On tests and testing

Hello, gentle reader. Please allow me to rock your entire human face by dropping this truth bomb:

Tests are about more than testing.

“Obviously!” you yell, your riposte ringing out triumphantly against what is seemingly a rather anemic statement. The truth bomb has failed to detonate. Your entire human face remains unrocked.

If you’ve ever practiced TDD you know that tests are a great context to write constraints, requirements, and other bits and bobs that help you drive the design of your production code.

If you’ve ever had to make a change in a legacy system, you know that a test can represent a safety harness, allowing you to cordon off a section of code and work within it reasonably comfortably, safe from misstep.

If you’ve ever dabbled in BDD you know that tests can represent full business requirements, human-readable and robust in their description, allowing you to better communicate with stakeholders and shorten time to validation.

These are all solid examples of tests whose utility extends beyond simple “testing”, and many people use tests in this way.

But!

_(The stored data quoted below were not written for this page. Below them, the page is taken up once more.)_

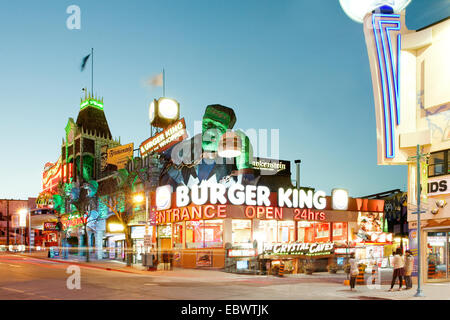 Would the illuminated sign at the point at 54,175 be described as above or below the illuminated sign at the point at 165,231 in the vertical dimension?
above

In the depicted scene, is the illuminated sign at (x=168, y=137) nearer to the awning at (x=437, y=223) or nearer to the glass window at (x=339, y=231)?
the glass window at (x=339, y=231)

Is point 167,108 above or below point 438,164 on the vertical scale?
above

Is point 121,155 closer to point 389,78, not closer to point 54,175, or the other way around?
point 54,175

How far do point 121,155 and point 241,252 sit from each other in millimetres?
28448

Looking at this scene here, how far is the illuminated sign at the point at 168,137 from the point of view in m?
47.8

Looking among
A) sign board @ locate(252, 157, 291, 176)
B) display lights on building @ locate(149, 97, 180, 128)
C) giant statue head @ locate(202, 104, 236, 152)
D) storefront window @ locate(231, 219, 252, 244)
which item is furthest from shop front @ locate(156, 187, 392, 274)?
sign board @ locate(252, 157, 291, 176)

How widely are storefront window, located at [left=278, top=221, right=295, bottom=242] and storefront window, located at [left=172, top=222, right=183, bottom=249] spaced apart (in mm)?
10370

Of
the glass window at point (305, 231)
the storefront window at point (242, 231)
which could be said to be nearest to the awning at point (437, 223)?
the storefront window at point (242, 231)

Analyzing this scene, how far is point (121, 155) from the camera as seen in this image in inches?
2320

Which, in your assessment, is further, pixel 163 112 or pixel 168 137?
pixel 163 112

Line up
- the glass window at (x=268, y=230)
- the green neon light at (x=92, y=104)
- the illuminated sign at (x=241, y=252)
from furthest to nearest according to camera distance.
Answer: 1. the green neon light at (x=92, y=104)
2. the glass window at (x=268, y=230)
3. the illuminated sign at (x=241, y=252)

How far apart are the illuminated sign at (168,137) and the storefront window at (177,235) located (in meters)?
9.98

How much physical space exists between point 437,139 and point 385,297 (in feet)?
32.1

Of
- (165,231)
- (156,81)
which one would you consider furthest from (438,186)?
(156,81) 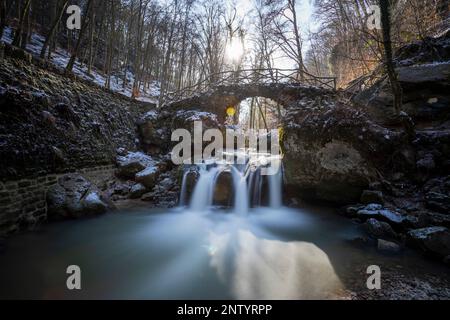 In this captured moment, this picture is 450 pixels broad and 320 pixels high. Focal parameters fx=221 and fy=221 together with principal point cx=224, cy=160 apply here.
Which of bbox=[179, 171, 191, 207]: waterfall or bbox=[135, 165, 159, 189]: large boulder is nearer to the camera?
bbox=[179, 171, 191, 207]: waterfall

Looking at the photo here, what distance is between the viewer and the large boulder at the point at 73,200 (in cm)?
571

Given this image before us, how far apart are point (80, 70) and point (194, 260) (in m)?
16.2

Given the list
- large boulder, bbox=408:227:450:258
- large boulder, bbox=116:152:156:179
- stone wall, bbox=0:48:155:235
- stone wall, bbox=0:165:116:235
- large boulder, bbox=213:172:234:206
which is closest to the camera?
large boulder, bbox=408:227:450:258

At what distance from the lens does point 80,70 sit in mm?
14852

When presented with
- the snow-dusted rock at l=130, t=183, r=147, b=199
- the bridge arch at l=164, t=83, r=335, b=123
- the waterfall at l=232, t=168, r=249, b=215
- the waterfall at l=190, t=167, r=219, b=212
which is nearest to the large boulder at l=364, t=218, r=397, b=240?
the waterfall at l=232, t=168, r=249, b=215

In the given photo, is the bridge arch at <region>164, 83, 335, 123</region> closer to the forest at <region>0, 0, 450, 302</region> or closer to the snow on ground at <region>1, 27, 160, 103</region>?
the forest at <region>0, 0, 450, 302</region>

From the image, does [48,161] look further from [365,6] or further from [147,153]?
[365,6]

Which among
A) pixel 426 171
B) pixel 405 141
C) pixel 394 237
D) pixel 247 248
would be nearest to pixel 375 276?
pixel 394 237

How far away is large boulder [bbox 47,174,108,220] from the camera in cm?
571

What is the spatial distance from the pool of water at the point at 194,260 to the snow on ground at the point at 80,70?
6829 millimetres

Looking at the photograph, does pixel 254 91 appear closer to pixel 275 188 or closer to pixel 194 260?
pixel 275 188

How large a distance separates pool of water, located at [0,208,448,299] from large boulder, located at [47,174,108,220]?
14.1 inches

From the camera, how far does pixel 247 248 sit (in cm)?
461

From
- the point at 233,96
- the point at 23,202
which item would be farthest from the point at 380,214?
the point at 233,96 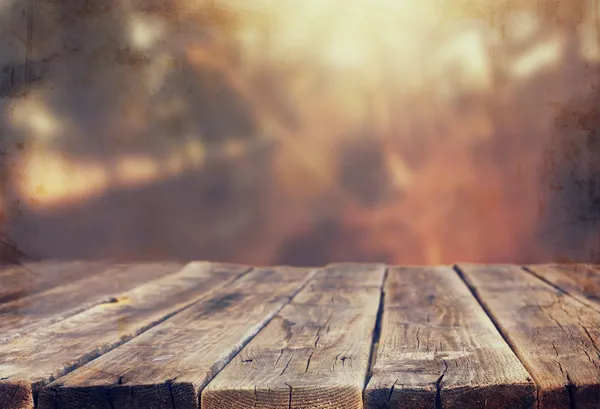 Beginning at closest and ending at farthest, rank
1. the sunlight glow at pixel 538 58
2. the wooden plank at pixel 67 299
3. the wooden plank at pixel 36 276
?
the wooden plank at pixel 67 299
the wooden plank at pixel 36 276
the sunlight glow at pixel 538 58

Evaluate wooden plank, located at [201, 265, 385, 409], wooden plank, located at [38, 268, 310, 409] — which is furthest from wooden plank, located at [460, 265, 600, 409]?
wooden plank, located at [38, 268, 310, 409]

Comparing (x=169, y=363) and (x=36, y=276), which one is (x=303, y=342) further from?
(x=36, y=276)

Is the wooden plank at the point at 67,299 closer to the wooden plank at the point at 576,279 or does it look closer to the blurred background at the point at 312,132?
the blurred background at the point at 312,132

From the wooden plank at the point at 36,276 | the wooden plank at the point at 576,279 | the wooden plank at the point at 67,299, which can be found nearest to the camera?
the wooden plank at the point at 67,299

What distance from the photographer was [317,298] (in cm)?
183

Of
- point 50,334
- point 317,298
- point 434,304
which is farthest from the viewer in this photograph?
point 317,298

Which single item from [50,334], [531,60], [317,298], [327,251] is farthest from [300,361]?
[531,60]

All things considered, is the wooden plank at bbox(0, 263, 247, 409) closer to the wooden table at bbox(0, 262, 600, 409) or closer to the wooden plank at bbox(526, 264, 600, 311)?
the wooden table at bbox(0, 262, 600, 409)

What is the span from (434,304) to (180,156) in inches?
77.6

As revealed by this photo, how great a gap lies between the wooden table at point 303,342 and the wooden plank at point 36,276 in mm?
17

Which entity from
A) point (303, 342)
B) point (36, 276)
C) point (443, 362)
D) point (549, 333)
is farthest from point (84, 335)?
point (36, 276)

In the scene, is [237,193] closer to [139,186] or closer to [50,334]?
[139,186]

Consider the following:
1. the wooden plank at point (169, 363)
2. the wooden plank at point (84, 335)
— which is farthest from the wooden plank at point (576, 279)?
the wooden plank at point (84, 335)

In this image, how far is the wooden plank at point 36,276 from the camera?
6.57 ft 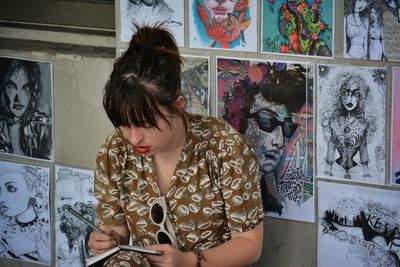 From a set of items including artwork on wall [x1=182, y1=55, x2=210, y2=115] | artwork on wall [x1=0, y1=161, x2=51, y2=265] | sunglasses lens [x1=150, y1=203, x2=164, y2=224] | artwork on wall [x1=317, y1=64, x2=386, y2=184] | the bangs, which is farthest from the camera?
artwork on wall [x1=0, y1=161, x2=51, y2=265]

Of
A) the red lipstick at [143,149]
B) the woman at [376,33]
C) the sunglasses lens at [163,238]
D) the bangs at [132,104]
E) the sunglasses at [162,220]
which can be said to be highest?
the woman at [376,33]

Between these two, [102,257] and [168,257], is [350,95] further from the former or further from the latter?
[102,257]

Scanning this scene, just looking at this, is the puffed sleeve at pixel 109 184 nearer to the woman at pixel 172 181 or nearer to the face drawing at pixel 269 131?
the woman at pixel 172 181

Have you ever considered… that how you structure your tests could impact production code habitability?

The journey to mistrusting mocks

I first encountered a facet of this gem a few years ago when I read that using mocks in tests is a smell. It was an article by Arlo Belshee and I would link to it but for this particular argument, it’s more noise than signal. I rejected the idea because obviously mocks are important (they aren’t) and Arlo was obviously being intentionally provocative (maybe although he had a point) but the idea stuck with me, occasionally poking its head out of my subconscious and asking “why the mock there, chief?”

The next facet I encountered was an article by Uncle Bob[1] called TDD Harms Architecture, which I recommend you read in its entirety. The crux is that some developers will default to a 1-to-1 mapping (in Object Oriented space) of class to test. One class file, one test file, with the name of one directly mappable to the name of the other.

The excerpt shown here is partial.